Dans le cinquième chapitre de cet ouvrage, nous avons dit que le Hornet avait été laissé devant San-Salvador pour y bloquer la corvette anglaise la Bonne Citoyenne. Le Hornet envoya un défi formel à cette corvette ; mais celle-ci, bien que plus forte que son antagoniste, soit qu’elle ne voulût pas exposer une quantité d’espèces d’or et d’argent qu’elle avait à bord, soit qu’elle craignît de s’engager dans un combat dont le succès était douteux, ne fit aucune réponse au cartel. Le Homet continua le blocus jusqu’au 24 janvier 1815, jour où il vint mouiller sous les batteries portugaises, après avoir été chassé par le vaisseau de ligne le Montagu. Aussitôt qu’il fit nuit, le capitaine Lawrence, commandant le Hornet, remit sous voile et dirigea sa course vers Fernambuco ; devant ce port, il captura le brick anglais la Résolution de dix canons, ayant à bord vingt-trois mille dollars en espèces. Ensuite il croisa successivement devant la côte de Moranham, devant Surinam, et enfin devant Démérari. Le 25 février, il vit un bâtiment armé, mouillé en dehors de la barre de ce dernier port ; en manœuvrant pour s’en approcher, le capitaine Lawrence reconnut à trois heures et demie de l’après midi un autre navire au vent qui laissa arriver sur lui ; c’était le Peacock, grand brick plus fort que le Hornet. De suite le capitaine Lawrence serra le vent, déployant le pavillon américain, et bientôt les deux navires passant à contre bord s’envoyèrent réciproquement leurs volées à portée de fusil ; le Peacock ayant alors viré de bord, le Hornet s’en approcha de très-près, et fit un feu si violent qu’en moins de quinze minutes, non-seulement l’Anglais se rendit, mais donna le signal de détresse, attendu qu’il était littéralement percé à jour et avait déjà six pieds d’eau dans sa cale.

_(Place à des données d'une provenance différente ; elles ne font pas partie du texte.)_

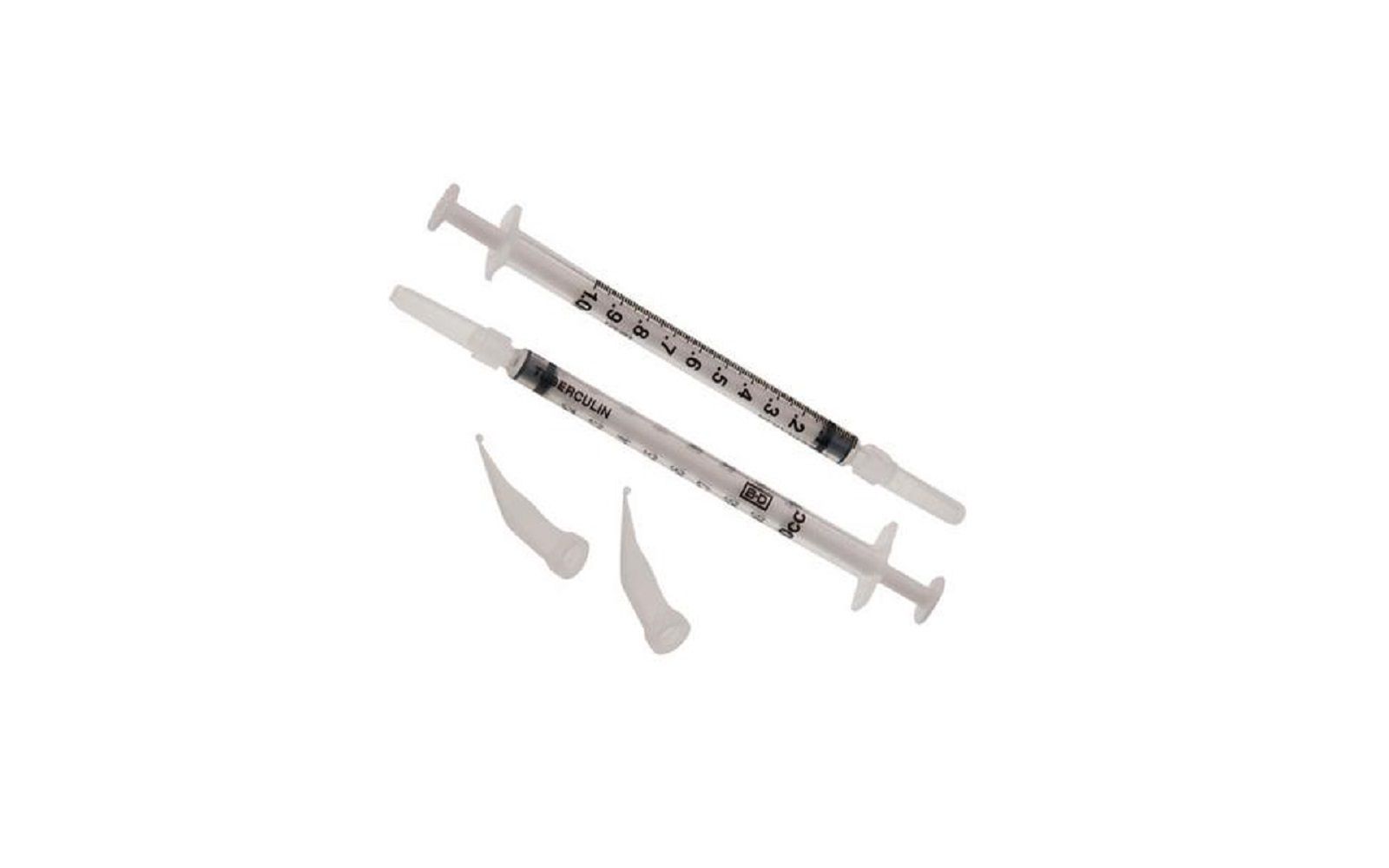 Hemostatic solution syringes, tips and applicators, 10/pkg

Le lieutenant Shubrick, dont la conduite dans cette affaire n’avait pas été moins courageuse que celle qu’il avait tenue lors de la capture de la Guerrière et de la Java, fut envoyé à bord du Peacock pour l’amariner. En arrivant il trouva que le capitaine avait été tué ; la plupart des matelots gisaient sur le pont morts ou mourants, et l’eau malgré le jeu des pompes faisait de si rapides progrès qu’il était aisé de voir que bientôt ce malheureux navire allait couler à fond. On prit immédiatement les mesures nécessaires pour sauver ceux qui vivaient encore ; les canons furent jetés à la mer, on chercha à boucher les trous des boulets ; enfin les matelots du Hornet, au risque de leur existence, firent tous les efforts imaginables pour sauver les vaincus : bientôt, malgré tous les soins de ces braves gens, le Peacock coula au milieu d’eux et entraîna sous les eaux neuf hommes de son propre équipage et trois Américains. C’est ainsi que nos intrépides concitoyens hasardèrent deux fois de suite leur vie pour la cause de la patrie et pour la cause de l’humanité ! D’abord pour vaincre leurs ennemis, ensuite pour les secourir ! Voilà de ces nobles actions que les annales de la guerre n’offrent que trop rarement : de toutes nos victoires navales, c’est celle-ci que les Américains se rappellent avec le plus vrai plaisir, et sans doute, on ne peut offrir une meilleure preuve des sentiments généreux qui dominent chez nous dans tous les cœurs.

Les marins du Hornett partagèrent leurs effets avec leurs prisonniers, et les officiers anglais, reconnaissants de la manière généreuse dont on avait agi à leur égard, adressèrent au capitaine Lawrence, quand ils furent arrivés à New-Yorck, une lettre de remercîment qui fut par eux publiée dans les journaux ! « On prit tant de soins, disaient-ils, pour adoucir notre triste position, quand nous arrivâmes destitués de tout à bord de votre navire, que, pour exprimer tout ce que nous sentîmes, nous devons déclarer qu’il nous fut impossible de nous croire prisonniers de guerre : votre générosité, vos attentions délicates, celles de vos officiers, nous ont épargné les cruelles privations auxquelles la perte de tout ce que nous possédions Le Peacock perdit au moins une cinquantaine d’hommes, sans que cependant le nombre pût en être déterminé d’une manière certaine. Le Homet n’éprouva aucune perte sérieuse ; mais tous ses matelots, tous ses officiers firent preuve de la plus grande intrépidité, et le capitaine leur donna dans son rapport, les éloges qu’ils méritaient si bien.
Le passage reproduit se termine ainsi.